Dua tahun lalu pada tanggal 24 April, sembilan pemimpin blok Asia Tenggara bertemu di Jakarta untuk pertemuan darurat dengan Min Aung Hlaing, pemimpin junta Myanmar, yang tiga bulan sebelumnya telah merebut kekuasaan dari pemerintahan Aung San Suu yang terpilih secara demokratis. Kyi mengambil alih. .
Di balik pintu tertutup, serangkaian tuntutan dibuat dan tampaknya didorong oleh konsensus, termasuk pengakuan nyata terhadap penguasa militer yang baru.
Hingga saat ini, dokumen tersebut, Konsensus Lima Poin (5PC), sebagian besar masih berupa selembar kertas.
Urgensi dari kekuatan regional ini juga telah digantikan oleh sikap diam yang hanya berfungsi untuk menekankan kelambanan tindakan.

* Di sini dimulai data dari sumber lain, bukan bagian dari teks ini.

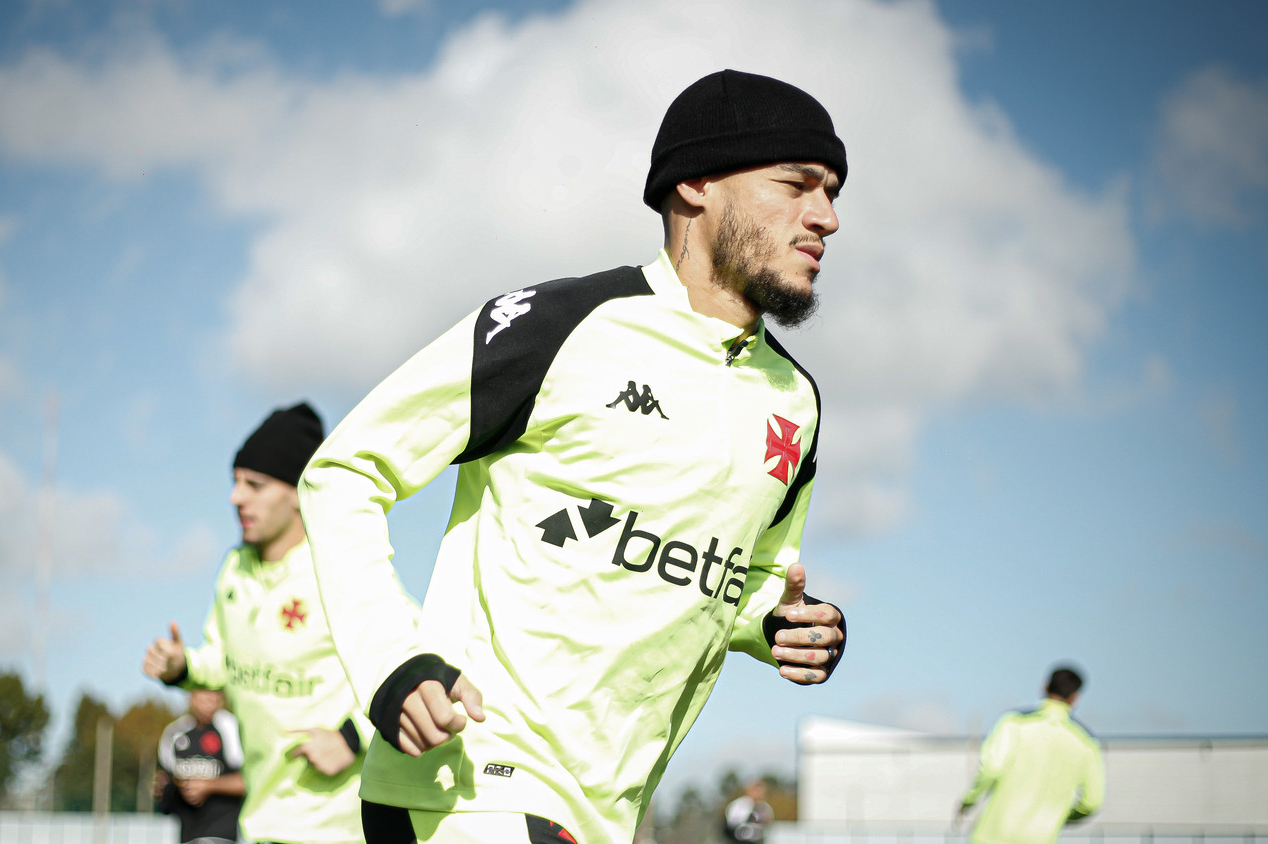 Philippe Coutinho, jogador do Vasco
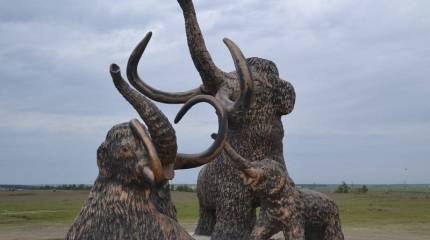 Пять знаменитых археологических открытий довоенного СССР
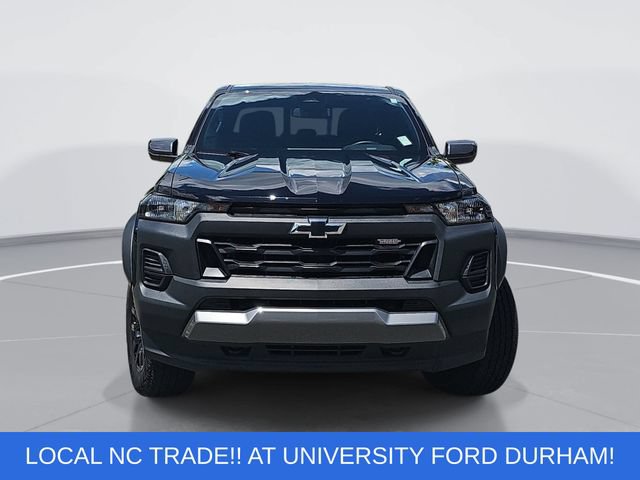 Used 2025 Chevrolet Colorado Trail Boss AWD/4WD image 8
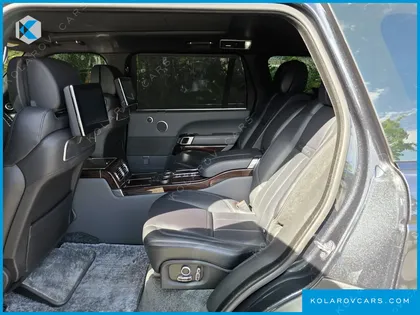 LAND ROVER RANGE ROVER 5.0 SC SV AB LWB
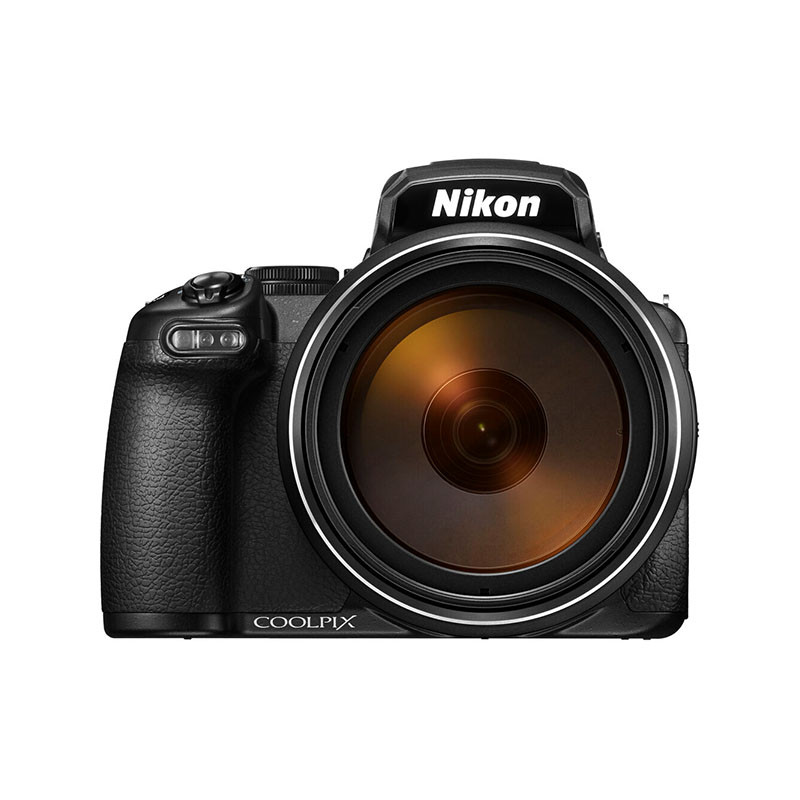NIKON Bridge Coolpix P1100 Noir Garanti 2 ans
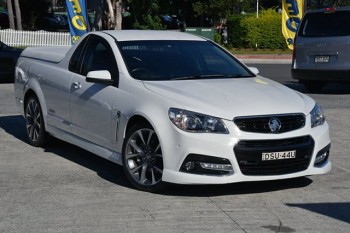 2014 Holden Ute SS V Ute Utility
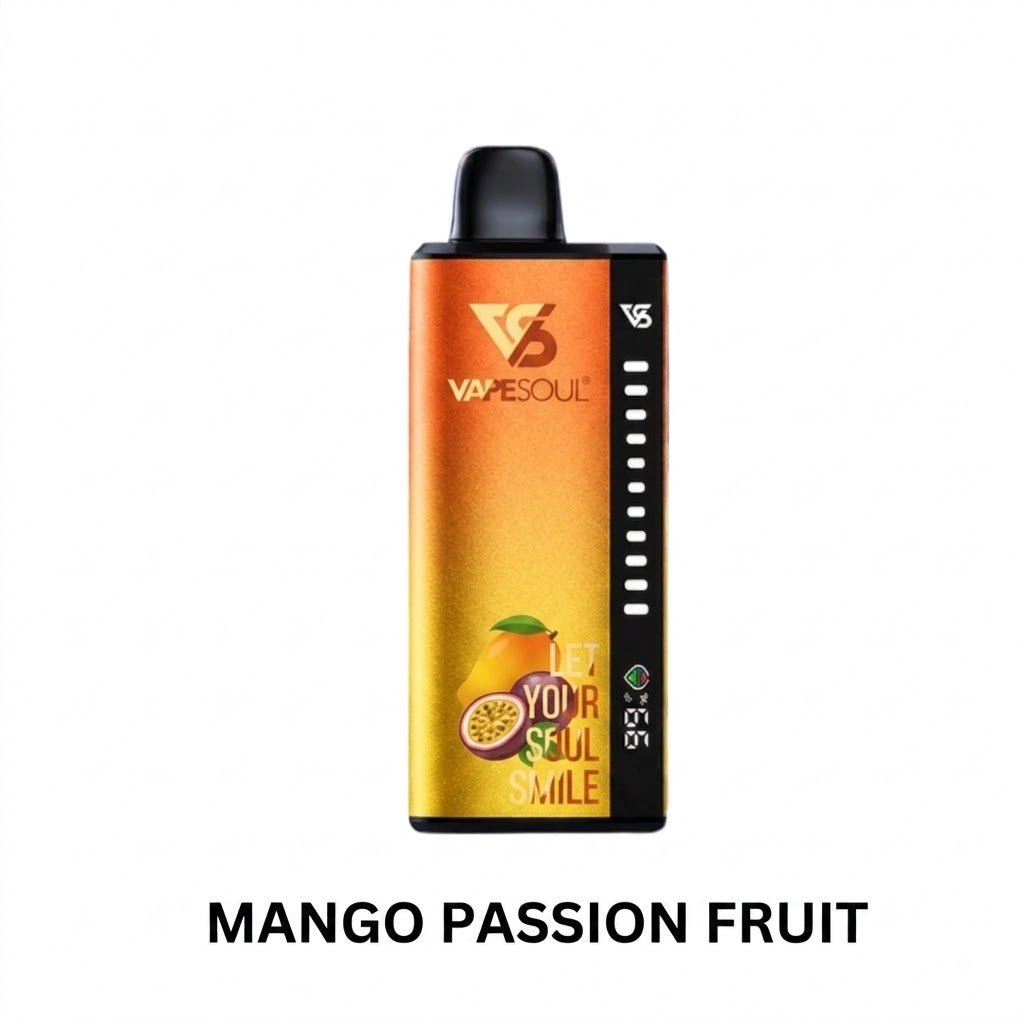 VAPESOUL 40000 PUFFS Disposable Vape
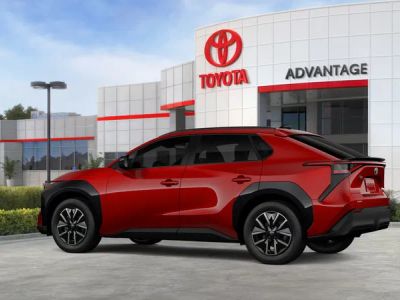 2026 Toyota bZ - Photo 7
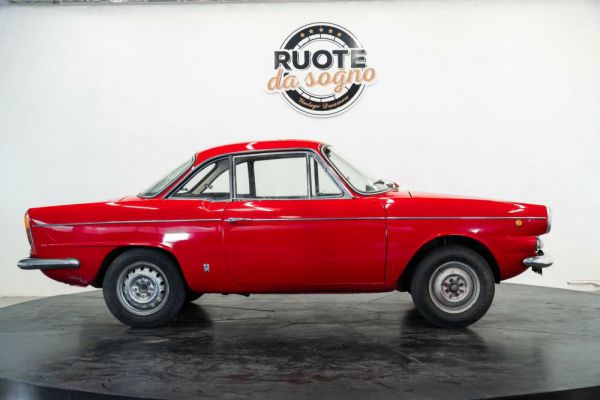 Fiat 750 Vignale Coupé 1964 77132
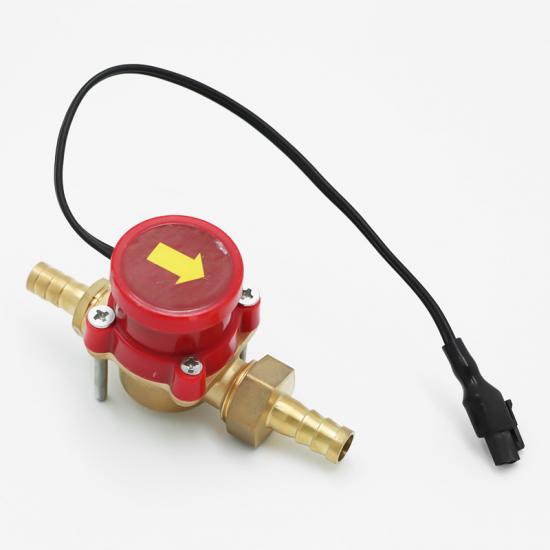 Water Flow Switch With Pagoda Head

Beberapa orang mungkin berpendapat bahwa hal ini tidak lazim bagi ASEAN.
Pihak lain mungkin menganggap kegagalan ASEAN untuk bertindak melawan kudeta di Thailand pada tahun 2014 sebagai preseden atas keadaan saat ini. Sudah terlalu lama ASEAN mengabaikan gejolak kekerasan atas nama non-intervensi.

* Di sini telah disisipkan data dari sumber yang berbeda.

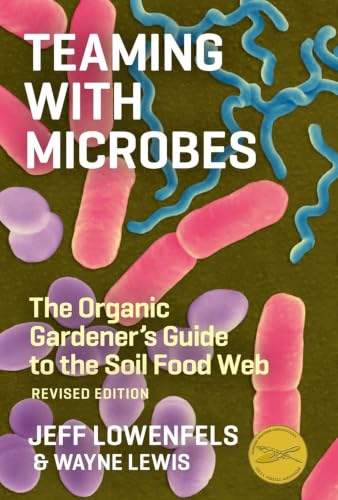 Teaming with microbes Cover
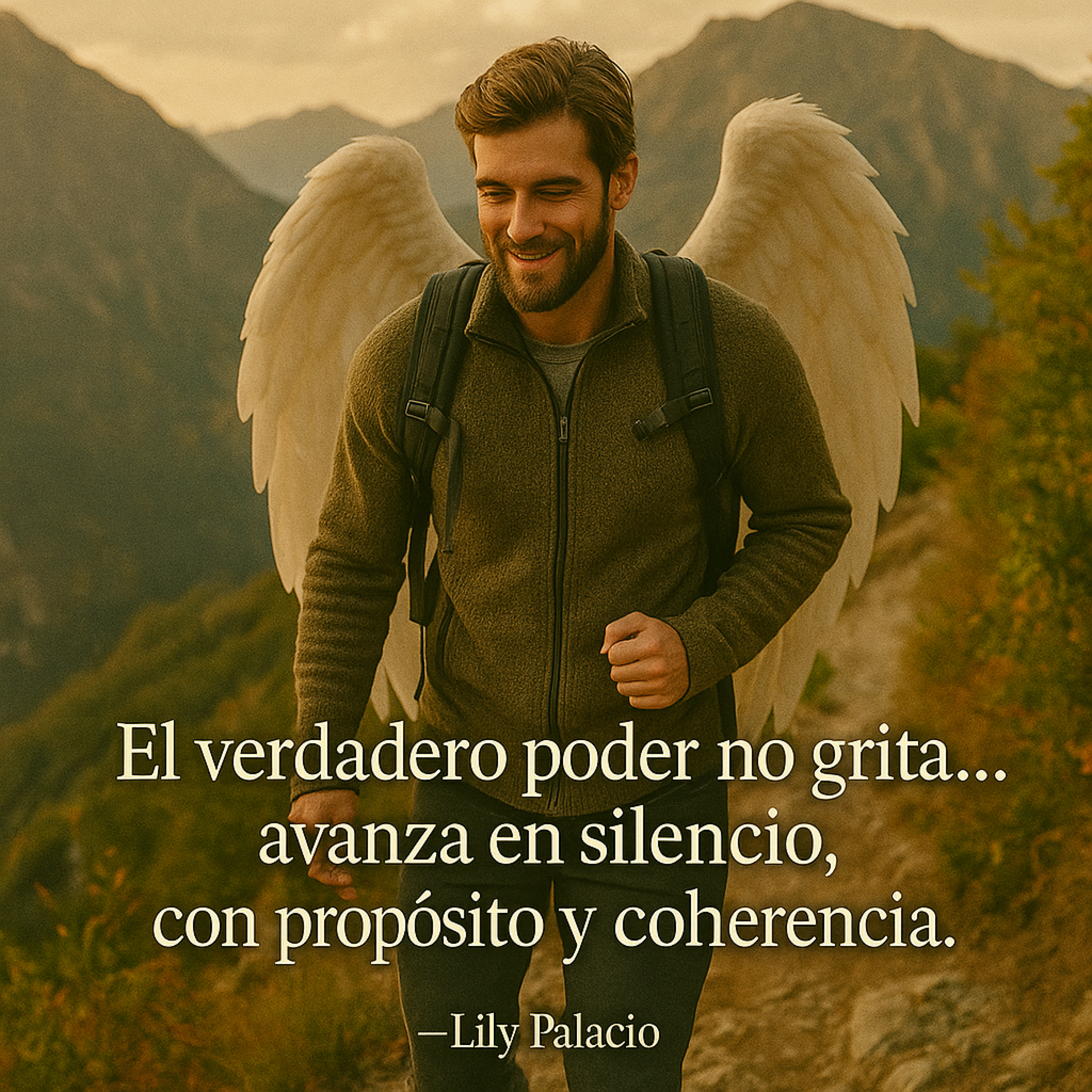 El Poder de lo Discreto, intención miércoles 24 sept episode artwork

Sementara itu, penindasan rezim militer terhadap rakyat terus berlanjut, dan paranoia serta penolakan rezim militer terhadap upaya mewujudkan gencatan senjata semakin mengkhawatirkan.
Namun tidak ada kata terlambat untuk melakukan perubahan dan ASEAN dapat memanfaatkan perubahan yang terjadi saat ini.

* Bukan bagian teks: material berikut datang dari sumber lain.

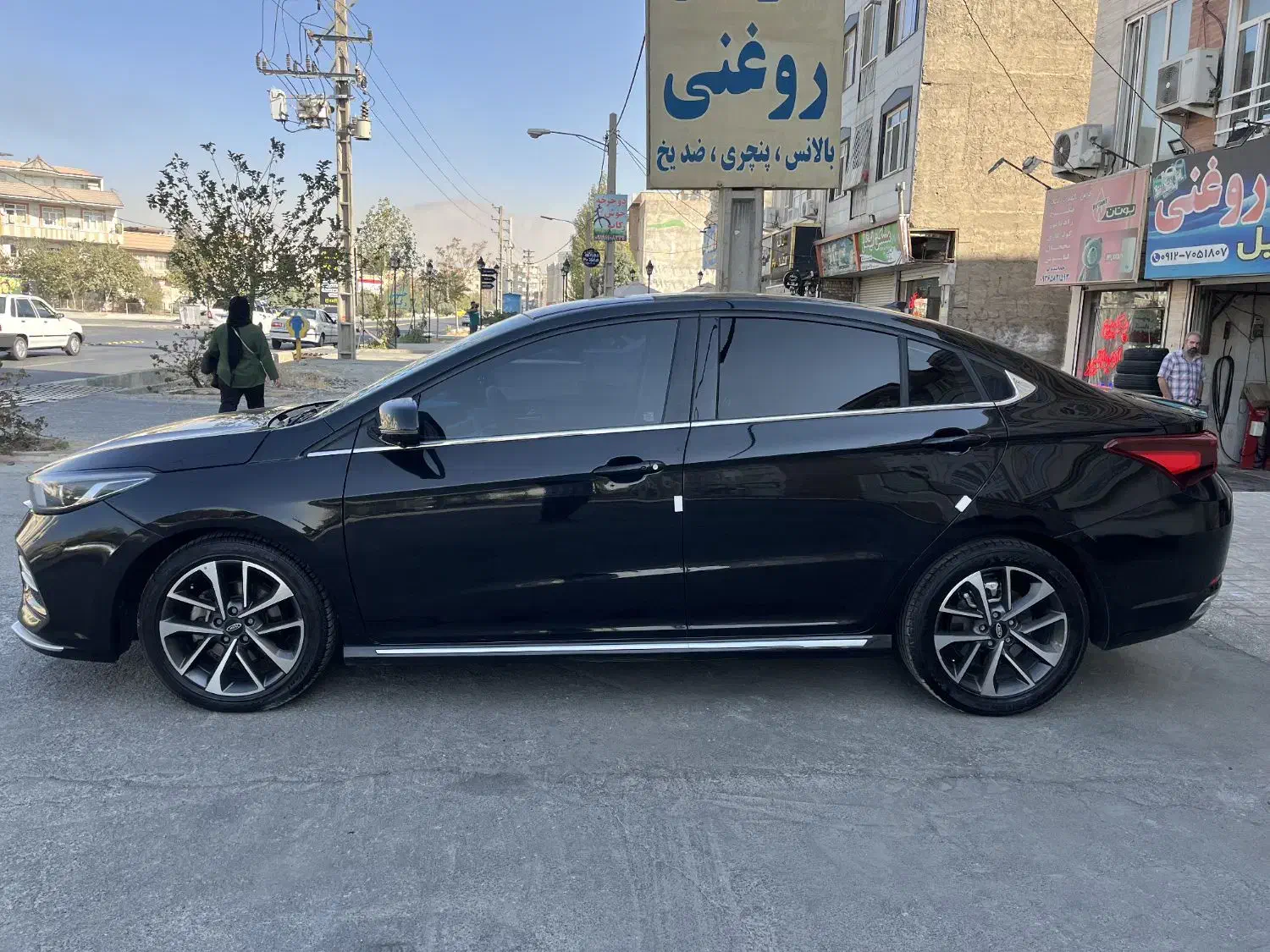 چری آریزو 6 اکسلنت - 1400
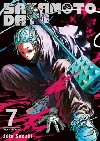 Sakamoto Days 7 - To je malikost - Jto Suzuki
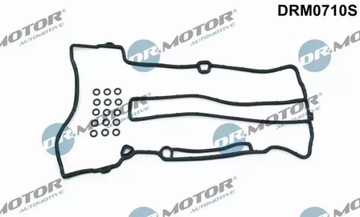 DR.MOTOR DRM0710S SADA TĚSNĚNÍ KRYT HLAVA VÁLEC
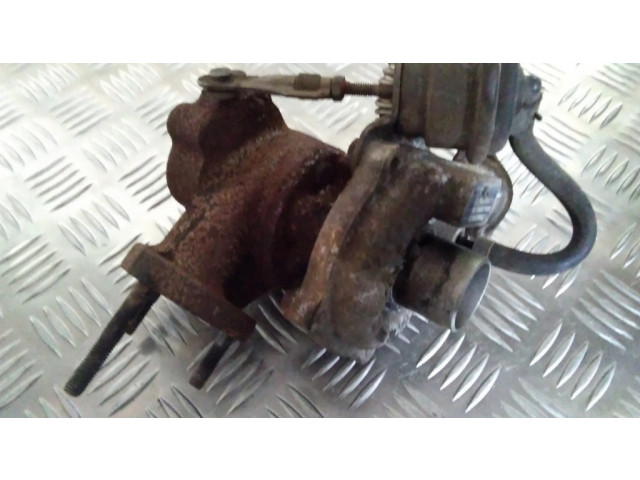 Turbodmychadlo Турбина 735013430, 54359710005   Opel Combo C 1.3  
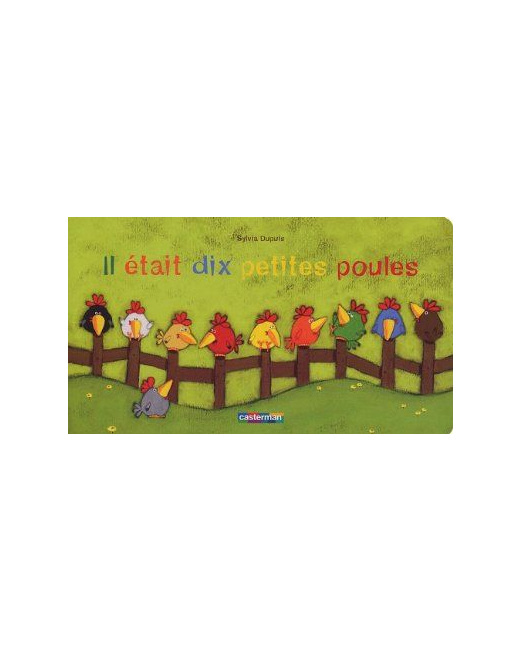 Il était dix petites poules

Pengambilalihan kekuasaan oleh militer pada bulan Februari 2021 dan penangkapan para pemimpin terpilih, termasuk Suu Kyi, mungkin telah menyebabkan kemerosotan signifikan pada lembaga-lembaga hak asasi manusia dan demokrasi.
Tindakan junta mungkin telah menyebabkan penahanan ribuan orang, termasuk aktivis, jurnalis, dan anggota masyarakat sipil, serta memakan banyak korban jiwa.
Namun serangan udara baru-baru ini yang menargetkan lawan junta tentu saja terdengar seperti keputusasaan.
Menurut perkiraan bayangan Pemerintah Persatuan Nasional (NUG), setidaknya 30.000 tentara junta tewas dalam bentrokan dengan Pasukan Perlawanan Rakyat, kelompok etnis bersenjata, dan kelompok revolusioner lainnya sejak kudeta.
Jadi, meskipun ASEAN bekerja dengan tenang dan sebagian besar tangannya terikat, tenaga kerja di Myanmar telah berkembang secara signifikan.
Gerakan Pembangkangan Sipil (CDM) terus menentang kampanye kekerasan sistematis yang dilancarkan oleh penguasa militer dan sebagai hasilnya, gerakan ini menarik simpatisan bahkan dari kalangan angkatan bersenjata negara tersebut.
Sudah saatnya kita mendukung keinginan rakyat Myanmar dengan baik.
Oleh karena itu, meskipun ASEAN harus terus mendorong penyelesaian krisis ini secara damai, upayanya harus mencakup keterlibatan yang berarti dengan semua pemangku kepentingan selain junta.
Kita bisa yakin bahwa ini adalah cara yang benar karena kita tahu bahwa para pelaku kudeta di Myanmar sama sekali tidak peduli dengan ASEAN.
Oleh karena itu, upaya untuk mendorong dialog dan rekonsiliasi harus didukung oleh langkah-langkah diplomatik dan ekonomi yang kuat, termasuk penangguhan keanggotaan Myanmar di ASEAN hingga demokrasi pulih kembali.
ASEAN dan komunitas internasional harus meningkatkan upaya mereka untuk mengatasi situasi di Myanmar dan meminta pertanggungjawaban junta atas kejahatan yang mereka lakukan.
Menerapkan sanksi yang ditargetkan terhadap junta militer dan pendukungnya, serta memberikan bantuan kemanusiaan kepada mereka yang terkena dampak krisis, merupakan langkah penting untuk mencapai tujuan tersebut.
Penting agar masyarakat Myanmar tidak dilupakan di tengah krisis yang berkepanjangan ini. Mereka adalah korban utama kekerasan dan penindasan yang dilakukan junta, dan suara mereka harus didengar.
Komunitas internasional harus berdiri dalam solidaritas dengan mereka dan mendukung upaya mereka untuk memulihkan demokrasi dan menghormati hak asasi manusia.
Mereka berhak mendapatkan yang lebih baik, dan merupakan tanggung jawab kita semua untuk memastikan bahwa suara mereka didengar dan hak-hak mereka dilindungi, yang merupakan alasan pembentukan Komunitas ASEAN.